What marks out the current Archbishop to me as well is his public commitment to a variety of forms of prayer and his tendency to mention both traditionally Catholic and Evangelical models. When asked about his “prayer life” in a wide-ranging interview at his former church home of Holy Trinity Brompton, Welby freely stated that the Daily Office is the structure around which the rest of his prayers and his life rotates. But he also noted other times during the day when he seeks private prayer or contemplation of the day’s readings. And he has said that he prays “in tongues” as part of his own spiritual discipline. He has been openly enthusiastic about a variety of forms of worship and prayer and seems equally at home among evangelicals and charismatics, as well as among, perhaps surprisingly, Anglo-Catholics. He attends a Hillsong service one week and presides over Mass and Benediction in Walsingham the next.
But what does all of this mean? On the one hand, it appears that the ABC does not seem ready to push a single form of prayer, the Daily Office, to the exclusion of all others or even to push from a single Anglican tradition, as the Church’s response to revolutionary changes in the world. He is quite clear about his idea that prayer fitted to our times must partake of many models. On the other hand, it must be said that he sees the founding of “religious communities” of prayer as a common feature of both Catholic and Evangelical revival. Not exactly a traditionally evangelical turn of phrase. I have no doubt that it will be some time before we see the final fruits and meaning of Welby’s stated commitment to fostering the life of prayer. But part of what this all means is that our Archbishop of Canterbury has set an agenda which seems rather different from what others are making of him. It is perhaps not what we might have expected (e.g. it’s not “hold the Anglican Communion together”). But it is an agenda which all Anglicans ought to be able to support, if they are the least bit interested in the spiritual life. After all, if we don’t get this right, how can we get the rest?

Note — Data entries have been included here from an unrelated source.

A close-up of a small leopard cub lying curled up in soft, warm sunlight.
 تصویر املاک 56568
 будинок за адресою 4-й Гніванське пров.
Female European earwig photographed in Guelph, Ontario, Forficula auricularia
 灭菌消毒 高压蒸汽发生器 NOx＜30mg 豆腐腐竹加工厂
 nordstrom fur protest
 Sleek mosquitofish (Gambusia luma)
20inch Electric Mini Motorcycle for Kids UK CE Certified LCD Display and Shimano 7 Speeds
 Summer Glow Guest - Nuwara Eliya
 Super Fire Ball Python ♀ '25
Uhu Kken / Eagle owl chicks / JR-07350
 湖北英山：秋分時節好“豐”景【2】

Or, as Welby put it when addressing the New Wine conference:
There has never been a renewal of the Church in Western Europe without a renewal of prayer and the life of religious communities; never. If we want to see things changed, it starts with prayer. It starts with a new spirit of prayer, using all the traditions, ancient and modern, of prayer. When it comes, it will be linked to what has gone before, but it will look different, because it is a new renewal for new times. God’s created community is perfectly designed for its time and place. It always comes from below; almost always. It comes from Christians seeking Christ, and is often — says I, looking at the one bishop I can see from here — is often opposed by church leaders, and especially archbishops.